1. El Espíritu Santo es quien la reúne inicialmente. Entrar en la familia franciscana es querer «guardar el santo Evangelio de nuestro Señor Jesucristo» (2 R 1,1), o, lo que viene a ser lo mismo, «seguir la doctrina y las huellas de nuestro Señor Jesucristo» (1 R 1,1). Se trata, pues, de reconocer plenamente el Señorío de Cristo sobre nuestra vida. Ahora bien, Francisco no deja de afirmar, siguiendo a san Pablo, que semejante decisión sólo puede tomarse bajo la acción del Espíritu: «Nadie puede decir: Jesús es el Señor (es mi Señor), sino en el Espíritu Santo». Por eso, es la «inspiración divina», el soplo del Espíritu de Dios, quien reúne la Orden suscitando el deseo de compartir la vida evangélica de los hermanos. Nuestra vida franciscana es por naturaleza de orden carismático. Mana de un don del Espíritu que produce en nosotros una adhesión particular a Cristo, una voluntad de someternos a su Señorío sometiéndonos totalmente a su Palabra, un gusto de Cristo como del único sentido posible de nuestras vidas.
2. Asimismo, Francisco moribundo «recomendó el santo Evangelio por encima de todas las demás disposiciones» (2 Cel 216). Para Francisco el Evangelio no es un código de leyes. Contiene las palabras del Señor que son «Espíritu y Vida». Se comprende que Francisco haya podido escribir en la Forma de vida para santa Clara y sus hermanas: «Os habéis desposado con el Espíritu Santo, eligiendo vivir según la perfección del santo Evangelio».
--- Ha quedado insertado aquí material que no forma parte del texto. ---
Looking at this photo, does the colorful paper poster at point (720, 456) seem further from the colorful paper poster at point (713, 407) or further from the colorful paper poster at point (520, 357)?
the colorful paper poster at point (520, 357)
3. El ingreso en la Orden presupone una ruptura, el «libelo de repudio» dado al mundo (2 Cel 80): «Ve, vende cuanto tienes, dalo a los pobres... y luego ven y sígueme», dice Cristo a aquel que quiere seguirle (Mt 19,21). Este gesto previo de ruptura con el «mundo», en el sentido joánico de la palabra, y de solidaridad con los pobres, víctimas del pecado del mundo y primeros beneficiarios del Reino, depende también él del Espíritu. Sólo el Espíritu de amor puede inspirar la «voluntad espiritual» (1 R 2,11) y asegurar que la realización de tal gesto sea «según el Espíritu», «en el Espíritu». Por eso precisamente los hermanos se guardarán de entrometerse en ello (1 R 2,5; 2 R 2,7).
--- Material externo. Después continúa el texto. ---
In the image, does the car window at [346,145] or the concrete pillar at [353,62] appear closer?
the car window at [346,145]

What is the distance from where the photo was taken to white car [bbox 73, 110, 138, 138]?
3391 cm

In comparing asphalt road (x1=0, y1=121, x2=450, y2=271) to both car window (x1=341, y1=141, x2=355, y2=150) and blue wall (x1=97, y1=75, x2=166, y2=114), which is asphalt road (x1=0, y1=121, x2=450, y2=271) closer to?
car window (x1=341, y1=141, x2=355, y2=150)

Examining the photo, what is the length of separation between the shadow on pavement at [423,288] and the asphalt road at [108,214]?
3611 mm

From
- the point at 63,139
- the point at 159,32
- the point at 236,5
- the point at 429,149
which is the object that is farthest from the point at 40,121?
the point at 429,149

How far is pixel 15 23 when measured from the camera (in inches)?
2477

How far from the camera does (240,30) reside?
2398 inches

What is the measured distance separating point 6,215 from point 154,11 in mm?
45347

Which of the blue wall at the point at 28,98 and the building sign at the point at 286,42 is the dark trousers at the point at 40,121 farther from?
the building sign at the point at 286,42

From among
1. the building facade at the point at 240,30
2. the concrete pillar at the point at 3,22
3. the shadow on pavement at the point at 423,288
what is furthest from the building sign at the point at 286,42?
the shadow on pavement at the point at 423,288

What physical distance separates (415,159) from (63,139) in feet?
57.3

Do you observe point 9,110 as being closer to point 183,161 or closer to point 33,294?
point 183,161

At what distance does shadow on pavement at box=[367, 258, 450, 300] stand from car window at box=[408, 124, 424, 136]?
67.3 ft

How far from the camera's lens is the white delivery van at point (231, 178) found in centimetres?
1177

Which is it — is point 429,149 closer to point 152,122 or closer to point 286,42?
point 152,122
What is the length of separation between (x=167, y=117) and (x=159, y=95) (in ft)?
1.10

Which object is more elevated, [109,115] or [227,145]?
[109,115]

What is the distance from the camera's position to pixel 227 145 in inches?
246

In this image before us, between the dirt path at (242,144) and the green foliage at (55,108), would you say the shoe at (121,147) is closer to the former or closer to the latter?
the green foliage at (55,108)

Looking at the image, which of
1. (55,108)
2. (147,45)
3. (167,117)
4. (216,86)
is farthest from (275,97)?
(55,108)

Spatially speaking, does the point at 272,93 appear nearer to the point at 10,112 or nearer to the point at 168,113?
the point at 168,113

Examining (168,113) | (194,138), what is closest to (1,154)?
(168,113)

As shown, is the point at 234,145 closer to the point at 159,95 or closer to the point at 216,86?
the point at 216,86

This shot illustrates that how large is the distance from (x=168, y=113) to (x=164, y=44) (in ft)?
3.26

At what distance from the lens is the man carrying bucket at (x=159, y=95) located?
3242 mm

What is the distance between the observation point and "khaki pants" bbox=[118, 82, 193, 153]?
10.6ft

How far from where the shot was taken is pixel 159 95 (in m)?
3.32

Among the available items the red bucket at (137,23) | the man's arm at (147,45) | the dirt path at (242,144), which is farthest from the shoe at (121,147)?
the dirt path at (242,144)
4. Así reunida por la acción del Espíritu, la Fraternidad franciscana se compone de «hermanos espirituales», de hermanos según el Espíritu. No son las llamadas de la carne y de la sangre ni una común y amistosa decisión de agregarse las que han agrupado a los hermanos: el Señor los ha dado los unos a los otros (Test 14). El lazo que los une es por tanto la acción misma del Espíritu, y este lazo es más íntimo que el lazo natural más fuerte: el afecto de la madre a su hijo: «Y dondequiera que estén y se encuentren unos con otros los hermanos, condúzcanse mutuamente con familiaridad entre sí. Y exponga confiadamente el uno al otro su necesidad, porque si la madre nutre y quiere a su hijo carnal, ¿cuánto más amorosamente debe cada uno querer y nutrir a su hermano espiritual?» (2 R 6,7-8).
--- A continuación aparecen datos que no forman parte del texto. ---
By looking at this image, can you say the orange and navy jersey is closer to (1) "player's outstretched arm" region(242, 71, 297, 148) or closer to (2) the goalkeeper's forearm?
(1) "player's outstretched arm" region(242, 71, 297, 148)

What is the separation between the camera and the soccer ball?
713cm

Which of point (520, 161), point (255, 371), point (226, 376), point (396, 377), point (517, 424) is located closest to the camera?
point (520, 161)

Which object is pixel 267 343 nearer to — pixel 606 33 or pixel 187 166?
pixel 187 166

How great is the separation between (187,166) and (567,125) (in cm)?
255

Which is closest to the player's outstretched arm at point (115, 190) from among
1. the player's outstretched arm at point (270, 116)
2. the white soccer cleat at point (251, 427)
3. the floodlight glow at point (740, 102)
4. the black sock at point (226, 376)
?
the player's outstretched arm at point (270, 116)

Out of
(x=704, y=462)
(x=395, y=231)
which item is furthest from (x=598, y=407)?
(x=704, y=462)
A Francisco le gusta volver sobre las exigencias planteadas a los hermanos para que correspondan a la acción del Espíritu que los quiere unir con los lazos del amor mutuo: «Y, dondequiera que estén o en cualquier lugar en que se encuentren unos con otros, los hermanos deben tratarse espiritual (como hombres del Espíritu) y amorosamente, y honrarse mutuamente sin murmuración» (1 R 7,15). «Y ningún hermano haga mal o diga mal a otro; sino, más bien, por la caridad del Espíritu, sírvanse y obedézcanse unos a otros de buen grado. Y ésta es la verdadera y santa obediencia de nuestro Señor Jesucristo» (1 R 5,13-15). La caridad mutua, inspirada por el Espíritu y traducida en servicio y obediencia recíprocas, no tiende más que a unir a la Fraternidad por el amor mismo de Cristo, que vino no para ser servido sino para servir y fue incondicionalmente fiel («obediente») a los suyos. Aquí como en cualquier otro ámbito, la vida franciscana consiste en «seguir» a Cristo, simple, pero plenamente, con la fuerza del Espíritu.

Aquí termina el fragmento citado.